Just a few hours ago, Japan was hit with an 8.9 magnitude earthquake, one of the largest in the country’s recorded history. It struck the northeast coast at 2:46 pm local time (12:46 am EST). 250 miles away in Tokyo, the BBC’s Roland Buerk reported that being on the street was like “walking across the deck of a ship at sea.” Soon after, the earthquake caused a deadly tsunami that is affecting areas as widespread as Russia and the western coasts of North and South America. Below are some of the many reports from the destruction. (IMPORTANT UPDATE AT BOTTOM)
- CNN has enabled a live online feed with Japanese affiliate NHK. Watch here. BBC News has an incredibly useful ticker running and being updated frequently. They recently reported that the United States should be safe from any serious damage as the tsunami passed through Hawaii without major effect.
- Fox News also quoted them as saying that an entire passenger train is unaccounted for after a 33-foot wave hit near Nobiru Station. It is unknown how many were aboard.
- ABC News is reporting that America maintains large military bases in Japan with “38,000 military personnel, 43,000 dependents and 5,000 Department of Defense civilians.” According to this report, all American military personnel have been accounted for without serious injury and are now organizing for relief efforts in the country.
- The New York Times quoted President Obama as saying “Michelle and I send our deepest condolences to the people of Japan.” BBC News quotes this message from Queen Elizabeth II to the Emperor of Japan: “Prince Philip joins me in extending our heartfelt sympathy to your majesty and the people of Japan. Our prayers and thoughts are with everyone who has been affected by the dreadful disaster.”
- Tons of incredible and terrifying video footage taken by people on the ground is showing up online. Breaking News has linked to this video of swaying Tokyo skyscrapers and this one of a family in Sendai, Japan trying to evacuate their home. There are also breathtaking photos. This gallery from The New York Times is particularly unsettling. The Daily Mail has a collection of a number of disturbing AP photos.

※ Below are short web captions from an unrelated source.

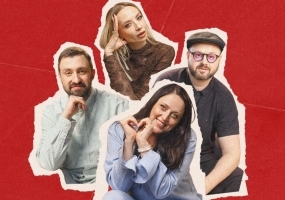 Тільки між нами - Комедійне шоу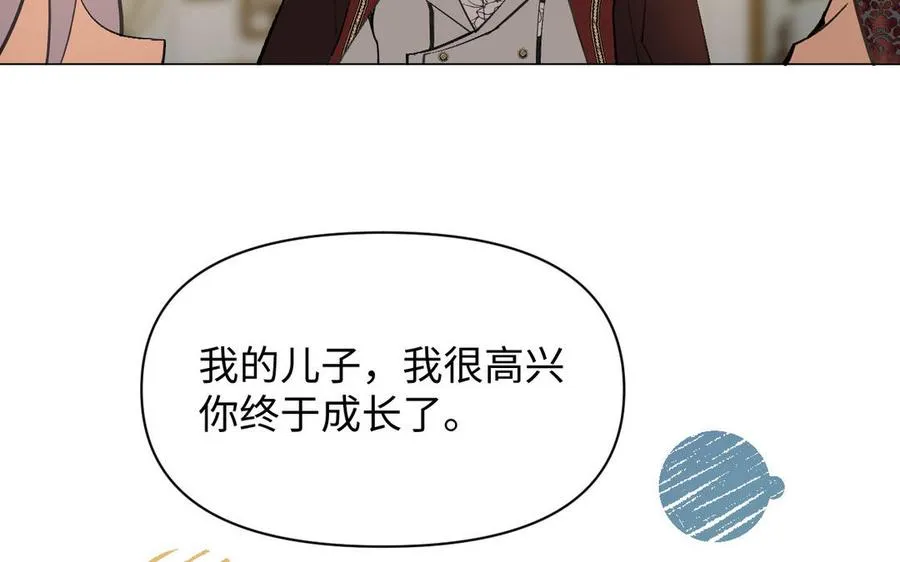 第117话 婚约 第54页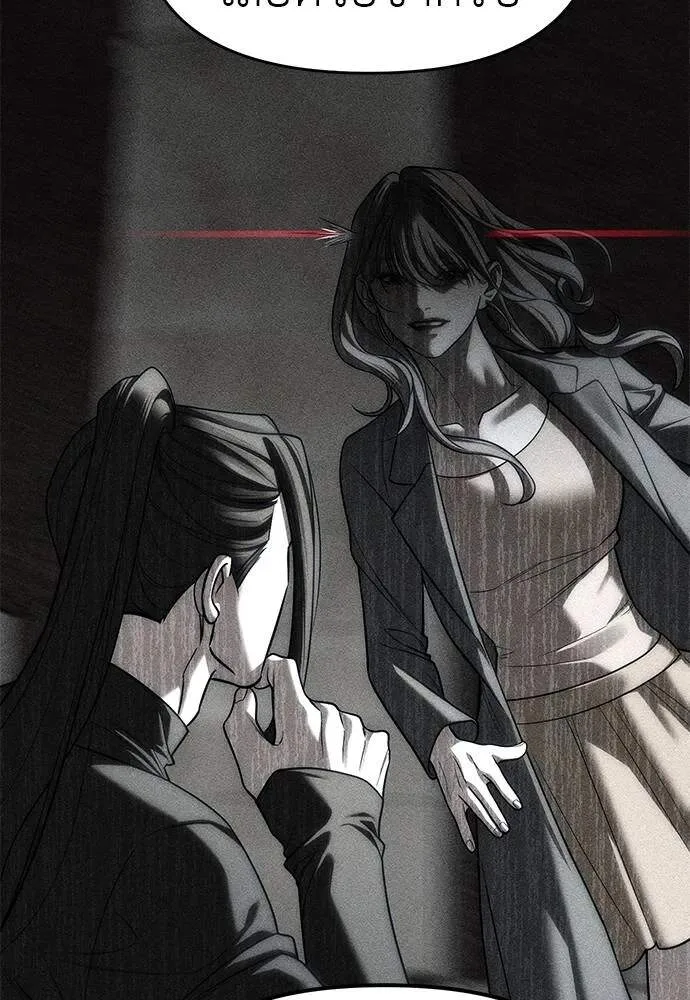 Undercover! Chaebol High School ปฏิบัติการลับบุกโรงเรียนไฮโซ ตอนที่ 82 หน้า 44
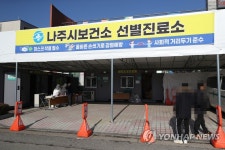 나주서 영국발 변이 바이러스 확인…선별진료소 찾은 시민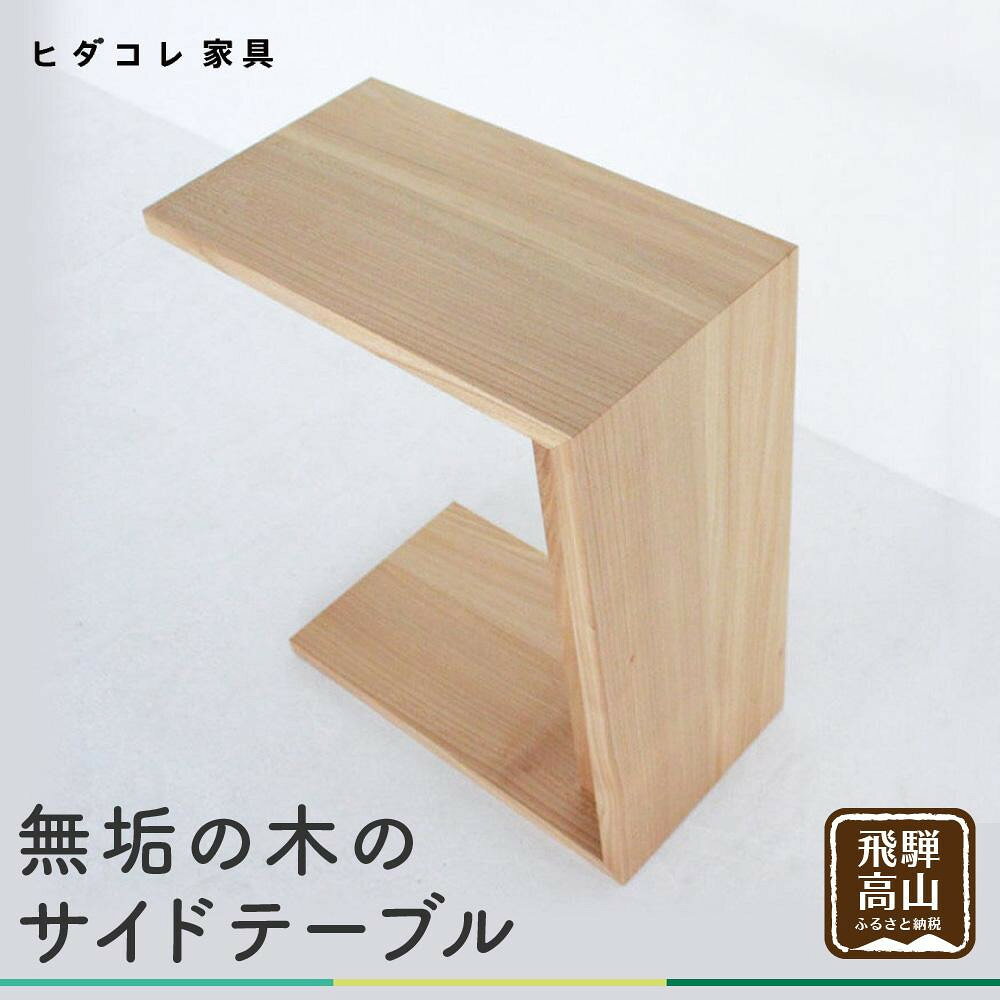 【ふるさと納税】無垢の木の サイドテーブル | ミニテーブル ナイトテーブル ローテーブル 2way 木製 センターテーブル ニレ 楡 天然木 家具 机 飛騨高山 ヒダコレ家具 GF029VP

UPDATE: The post originally quoted from a Kyodo news report that 88,000 people were missing. It is now appearing that the number might be much, much smaller and that that number may have in fact come from a typo or mistranslation. Some news outlets are still using 88,000, but we’ve taken that figure out of this post and any other post and will await a more certain tally.
At this point, the world can mostly await the damage reports and prepare relief for the areas affected.